Fino a ieri sera i curricula di Santoro e Freccero non erano ancora arrivati sulla scrivania di Mario Monti. La coppia dei «brillanti martiri» che nei giorni scorsi ha comunicato urbi et orbi l’autocandidatura a, rispettivamente, direttore generale e presidente della Rai deve affrettarsi a recapitare le buste, perché il premier sta accelerando i tempi, anzi già ieri circolavano voci di primi incontri. Infatti, in serata i due hanno fatto sapere che provvederanno già stamane all’invio «con raccomandata». Intanto, provate a immaginare: il presidente del Consiglio che convoca i candidati come si farebbe in qualsiasi azienda per la selezione dei manager.

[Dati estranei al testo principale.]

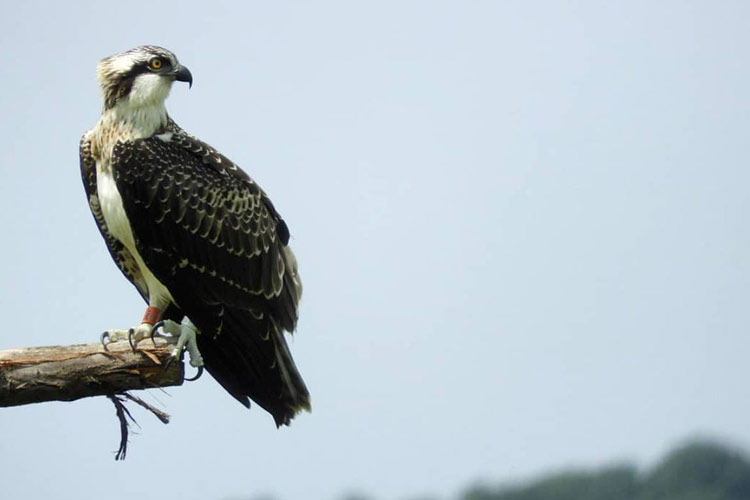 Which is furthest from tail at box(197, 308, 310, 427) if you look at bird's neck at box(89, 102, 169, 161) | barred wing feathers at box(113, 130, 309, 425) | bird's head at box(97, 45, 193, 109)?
bird's head at box(97, 45, 193, 109)

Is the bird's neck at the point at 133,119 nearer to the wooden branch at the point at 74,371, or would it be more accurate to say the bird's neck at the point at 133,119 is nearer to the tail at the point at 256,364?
the tail at the point at 256,364

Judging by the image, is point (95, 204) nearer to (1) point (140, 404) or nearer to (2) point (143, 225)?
(2) point (143, 225)

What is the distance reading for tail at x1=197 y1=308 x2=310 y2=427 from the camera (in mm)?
8094

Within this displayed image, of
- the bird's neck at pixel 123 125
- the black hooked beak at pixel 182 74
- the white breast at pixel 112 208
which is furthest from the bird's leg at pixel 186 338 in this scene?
the black hooked beak at pixel 182 74

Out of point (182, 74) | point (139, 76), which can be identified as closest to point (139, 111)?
point (139, 76)

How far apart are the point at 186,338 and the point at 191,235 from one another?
82 cm

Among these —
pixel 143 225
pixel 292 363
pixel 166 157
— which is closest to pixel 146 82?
pixel 166 157

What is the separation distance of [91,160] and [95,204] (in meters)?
0.34

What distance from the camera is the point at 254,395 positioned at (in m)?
8.24

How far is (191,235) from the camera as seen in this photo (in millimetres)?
8172

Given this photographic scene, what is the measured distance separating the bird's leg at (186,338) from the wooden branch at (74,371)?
0.33m

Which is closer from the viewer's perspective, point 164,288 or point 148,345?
point 148,345

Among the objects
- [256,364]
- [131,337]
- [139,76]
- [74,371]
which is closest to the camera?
[74,371]

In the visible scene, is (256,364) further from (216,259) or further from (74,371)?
(74,371) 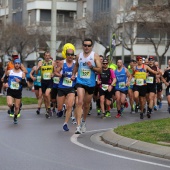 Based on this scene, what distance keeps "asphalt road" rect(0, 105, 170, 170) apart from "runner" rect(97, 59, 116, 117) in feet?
10.3

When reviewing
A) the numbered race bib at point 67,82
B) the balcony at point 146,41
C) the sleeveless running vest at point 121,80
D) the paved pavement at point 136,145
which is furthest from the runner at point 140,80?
the balcony at point 146,41

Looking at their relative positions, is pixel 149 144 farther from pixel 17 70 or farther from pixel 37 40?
pixel 37 40

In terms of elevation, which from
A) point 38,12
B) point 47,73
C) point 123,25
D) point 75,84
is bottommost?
point 47,73

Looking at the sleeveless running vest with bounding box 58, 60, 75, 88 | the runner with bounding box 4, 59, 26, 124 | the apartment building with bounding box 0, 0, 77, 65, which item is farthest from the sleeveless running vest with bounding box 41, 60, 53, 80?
the apartment building with bounding box 0, 0, 77, 65

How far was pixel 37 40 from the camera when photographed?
65.2m

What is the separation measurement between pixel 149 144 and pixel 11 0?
69430mm

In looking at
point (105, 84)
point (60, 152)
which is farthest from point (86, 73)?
point (105, 84)

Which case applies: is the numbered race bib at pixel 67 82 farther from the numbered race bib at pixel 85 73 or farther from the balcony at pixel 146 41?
the balcony at pixel 146 41

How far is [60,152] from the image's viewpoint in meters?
11.9

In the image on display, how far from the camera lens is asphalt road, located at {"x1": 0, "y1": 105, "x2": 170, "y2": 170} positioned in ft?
34.3

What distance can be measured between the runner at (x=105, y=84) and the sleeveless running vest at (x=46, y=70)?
1.53 meters

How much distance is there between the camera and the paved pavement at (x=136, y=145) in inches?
472

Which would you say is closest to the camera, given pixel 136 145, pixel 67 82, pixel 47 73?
pixel 136 145

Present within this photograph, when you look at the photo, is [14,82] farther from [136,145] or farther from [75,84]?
[136,145] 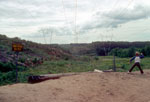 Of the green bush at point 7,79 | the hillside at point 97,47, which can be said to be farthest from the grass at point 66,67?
the hillside at point 97,47

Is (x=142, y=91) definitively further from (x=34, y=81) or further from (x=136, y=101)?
(x=34, y=81)

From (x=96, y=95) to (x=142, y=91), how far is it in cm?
236

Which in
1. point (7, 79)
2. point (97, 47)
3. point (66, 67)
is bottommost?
point (66, 67)

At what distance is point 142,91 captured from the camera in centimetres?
872

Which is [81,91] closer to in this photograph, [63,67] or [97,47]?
[63,67]

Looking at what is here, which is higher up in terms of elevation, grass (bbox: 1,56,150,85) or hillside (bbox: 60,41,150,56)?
hillside (bbox: 60,41,150,56)

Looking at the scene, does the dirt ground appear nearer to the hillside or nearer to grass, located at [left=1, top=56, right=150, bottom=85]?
grass, located at [left=1, top=56, right=150, bottom=85]

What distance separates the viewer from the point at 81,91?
830 cm

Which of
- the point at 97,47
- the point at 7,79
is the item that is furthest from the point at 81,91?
the point at 97,47

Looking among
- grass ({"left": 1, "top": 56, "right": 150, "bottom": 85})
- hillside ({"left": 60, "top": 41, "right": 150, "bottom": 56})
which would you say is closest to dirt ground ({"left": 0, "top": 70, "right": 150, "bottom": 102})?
grass ({"left": 1, "top": 56, "right": 150, "bottom": 85})

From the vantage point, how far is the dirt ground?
6.86 metres

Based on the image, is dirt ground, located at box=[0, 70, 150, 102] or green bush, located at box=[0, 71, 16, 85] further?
green bush, located at box=[0, 71, 16, 85]

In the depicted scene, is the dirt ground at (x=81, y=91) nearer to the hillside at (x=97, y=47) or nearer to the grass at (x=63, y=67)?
the grass at (x=63, y=67)

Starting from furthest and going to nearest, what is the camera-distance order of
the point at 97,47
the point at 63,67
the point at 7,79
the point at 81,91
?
the point at 97,47
the point at 63,67
the point at 7,79
the point at 81,91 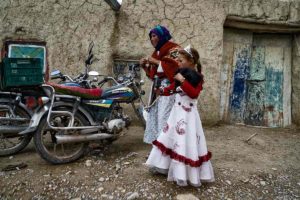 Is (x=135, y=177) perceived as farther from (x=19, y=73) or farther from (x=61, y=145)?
(x=19, y=73)

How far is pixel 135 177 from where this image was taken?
3.19m

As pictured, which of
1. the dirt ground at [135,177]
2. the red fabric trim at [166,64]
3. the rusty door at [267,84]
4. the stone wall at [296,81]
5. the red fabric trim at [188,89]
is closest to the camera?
the red fabric trim at [188,89]

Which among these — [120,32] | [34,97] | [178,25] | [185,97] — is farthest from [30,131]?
[178,25]

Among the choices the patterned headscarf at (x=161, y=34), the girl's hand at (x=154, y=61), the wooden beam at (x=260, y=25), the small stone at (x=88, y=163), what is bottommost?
the small stone at (x=88, y=163)

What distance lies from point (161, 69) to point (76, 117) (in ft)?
3.97

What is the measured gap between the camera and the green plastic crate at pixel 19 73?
3.29 meters

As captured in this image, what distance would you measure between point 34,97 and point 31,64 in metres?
0.40

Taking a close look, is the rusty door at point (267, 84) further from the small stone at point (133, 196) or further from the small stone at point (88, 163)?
the small stone at point (133, 196)

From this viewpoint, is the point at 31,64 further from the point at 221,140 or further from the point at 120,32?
the point at 221,140

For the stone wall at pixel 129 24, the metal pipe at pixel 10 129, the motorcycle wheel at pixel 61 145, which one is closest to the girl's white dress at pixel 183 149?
the motorcycle wheel at pixel 61 145

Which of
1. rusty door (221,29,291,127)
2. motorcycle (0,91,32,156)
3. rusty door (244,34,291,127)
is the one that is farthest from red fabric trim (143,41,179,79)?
rusty door (244,34,291,127)

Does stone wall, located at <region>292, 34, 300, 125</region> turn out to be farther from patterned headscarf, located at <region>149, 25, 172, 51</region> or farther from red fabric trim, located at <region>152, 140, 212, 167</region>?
red fabric trim, located at <region>152, 140, 212, 167</region>

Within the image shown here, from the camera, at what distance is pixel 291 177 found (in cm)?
351

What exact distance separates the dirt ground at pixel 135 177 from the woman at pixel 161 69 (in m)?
0.49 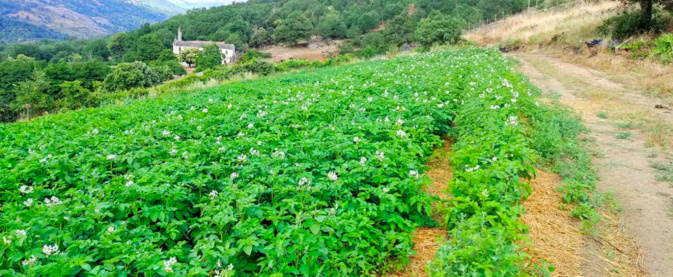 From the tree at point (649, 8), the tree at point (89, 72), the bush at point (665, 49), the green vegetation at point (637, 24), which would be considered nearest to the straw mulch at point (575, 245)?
the bush at point (665, 49)

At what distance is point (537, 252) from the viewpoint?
12.3 feet

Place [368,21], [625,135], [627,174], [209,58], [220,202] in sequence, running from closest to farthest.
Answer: [220,202], [627,174], [625,135], [209,58], [368,21]

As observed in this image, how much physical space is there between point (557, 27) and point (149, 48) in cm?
9931

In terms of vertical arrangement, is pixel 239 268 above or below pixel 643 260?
Result: above

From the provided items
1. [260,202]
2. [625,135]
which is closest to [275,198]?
[260,202]

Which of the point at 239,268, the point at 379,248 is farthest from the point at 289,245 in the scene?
the point at 379,248

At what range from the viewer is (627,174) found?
558cm

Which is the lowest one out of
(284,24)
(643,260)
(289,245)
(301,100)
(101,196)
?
(643,260)

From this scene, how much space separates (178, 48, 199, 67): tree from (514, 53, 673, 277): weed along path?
3750 inches

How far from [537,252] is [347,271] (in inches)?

Normale per il resto del mondo, incredibile per il nostro Paese. Comunque pare che Monti stavolta ci provi sul serio. Dopo aver promesso di cambiare la governance della Rai e aver poi gettato la spugna (per riuscire nell’impresa dovrebbe possedere doti soprannaturali), cerca almeno di mettere in atto l’obiettivo principale: nominare dirigenti e consiglieri Rai sganciati il più possibile dalle appartenenze politiche. Per questo ha chiesto di rendere pubblici i curricula.

«La Rai è l’esempio eclatante degli enti pubblici da rivedere - ha detto Monti - un’azienda dove non è garantita l’indipendenza dalla politica». («È difficile non essere d’accordo con lui», gli ha fatto eco l’attuale presidente Garimberti).
I giochi si aprono domani: l’assemblea degli azionisti della Tv di Stato decreterà la chiusura del mandato dell’attuale Cda. Dalla settimana prossima cominceranno le votazioni in Commissione parlamentare di vigilanza: ieri il presidente Zavoli ha chiesto che il governo indichi tempi e modi per la nomina dei sette membri del cda di sua competenza.

I restanti tre sono di nomina governativa: un consigliere, il presidente (con l’avallo della commissione di vigilanza) e il direttore generale scelto d’intesa con il nuovo cda. Il toto nomine vede in pole position Giulio Anselmi per la presidenza e Francesco Caio o Claudio Cappon per la direzione.
Lo strumento di pressione di Monti per convincere i partiti a «a mollare l’osso» è solo uno: intervenire per decreto legge in tempi strettissimi per ridurre da nove a cinque i membri del consiglio di amministrazione. Il governo non può modificare direttamente la governance (come per le altre aziende partecipate dallo Stato) perché la Rai è regolata da una legge ad hoc, la Gasparri appunto. E l’ex ministro che gli ha dato il nome, ha ribadito: «Fino a quando non ci sarà una diversa legge, si devono applicare le norme vigenti. Se il governo ne ha la volontà, può quotare in Borsa e privatizzare la Rai. Il resto è solo inutile corsa alla poltrona». Al solito: il Pdl accusa il Pd (e viceversa) di fare tutta questa «manfrina» per ottenere per i propri uomini le poltrone e continuare così a controllare la maggiore fonte di informazione del Paese.

Tutto ciò potrebbe portare a una situazione di stallo. Bersani ha già detto che, senza modifiche, il Pd non indicherà alcun nome: insomma, i suoi rappresentanti in commissione non parteciperanno alle votazioni. Una presa di posizione forte che potrebbe appuntarsi come medaglia sul petto in vista della prossima campagna elettorale.

A quel punto anche il Pdl si dovrebbe ritirare. Bersani potrebbe venire a più miti consigli se si trovasse sulla scrivania nomi di «provata competenza» o comunque graditi alla sua sfera «culturale». Insomma, i famosi curricula.